Jamming (on) the Web

Anton Eliëns, Martijn van Welie, Jacco van Ossenbruggen and Bastiaan Schönhage
Vrije Universiteit, Fac. of Mathematics and Computer Sciences
De Boelelaan 1081a, 1081 HV Amsterdam, The Netherlands
email: eliens@cs.vu.nl, martijn@cs.vu.nl, jrvosse@cs.vu.nl, bastiaan@cs.vu.nl

Abstract

The Web has become a dominant medium for the dissemination of information and, more recently, for collaborative work as well. The focus has been mainly on textual and graphical information, hardly addressing topics related to musical information. We present a framework that makes musical works accessible for Web users by offering high-level support for the display of musical material on the Web as well as for live jam sessions.

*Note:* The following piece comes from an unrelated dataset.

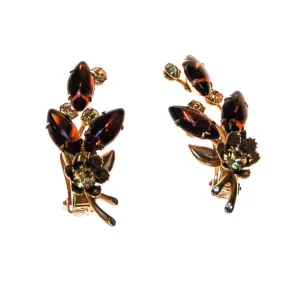 Vintage Amber and Yellow Rhinestone Flower Statement Earrings, Ear Crawler, Clip On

Our framework consists of a browser plug-in that supports the display and editing of scores as well as playing scores by connecting to a shared MIDI server. To participate in a jam session, clients of the MIDI server can also send data in real time; for instance, by using a keyboard embedded in a Web page. We discuss the issues involved in displaying musical material on the Web and we sketch the technical architecture of our framework.

1. Introduction

Compared to textual and graphical material, the capabilities of the Web for musical information are rather poor. The embedding of music, or sound in general, rarely goes beyond links to raw audio and MIDI files or to streamed audio connections. To display a musical work, HTML authors have to use images containing the score. All of these solutions are very low level as they basically regard music as being just sound (or a picture in the case of a score).

True score files are usually a few orders of magnitude smaller, and the audio signal can be synthesized at the client side at any appropriate sample rate. Additionally, a high-level description of music provides the browser with far more information when compared to the raw samples. In previous work we proposed to transmit musical scores (instead of the raw samples) across the Internet and to add sound synthesis functionality to Web browsers [10], and the use of generic SGML to encode structured documents [2].

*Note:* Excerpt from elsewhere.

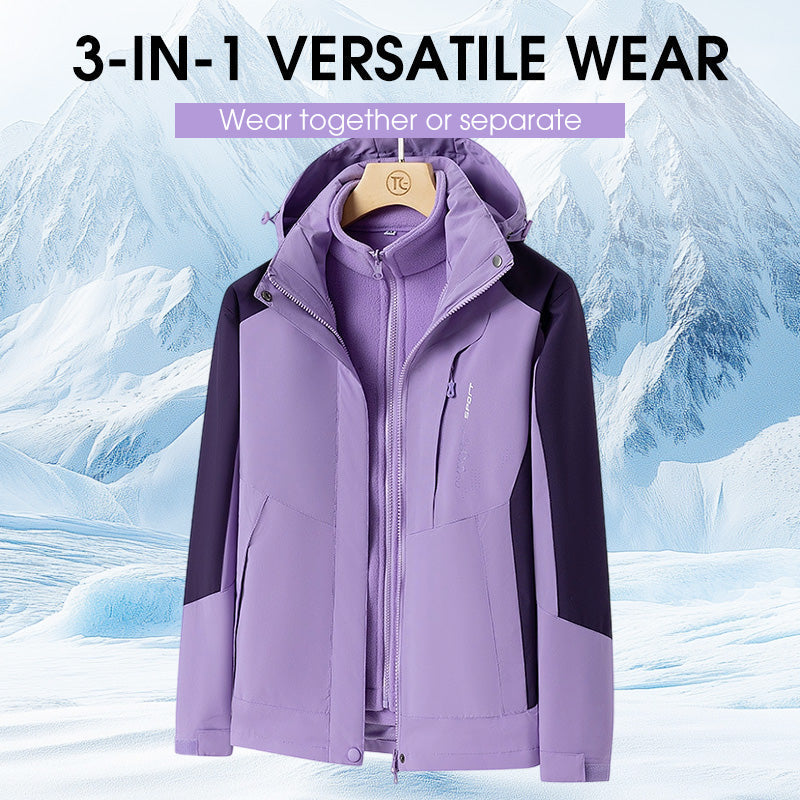 📢60% RABATT!!!⏰Dam 3-i-1-utomhusjacka med trippelskydd och flerfärgad design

In this paper, we describe an experimental framework that offers many of the ingredients for true networked music support including facilities for editing, displaying and playing musical scores as well as facilities for high level exchange of musical material and real-time collaborative work involving music and sound. Our approach is based on traditional music notation and on MIDI for playing facilities. The framework builds upon the work done in the DejaVu project at the Software Engineering section of the Vrije Universiteit (Amsterdam), which resulted in a suite of components for developing distributed Web-aware hypermedia applications [1,2,7,8,9,10,12].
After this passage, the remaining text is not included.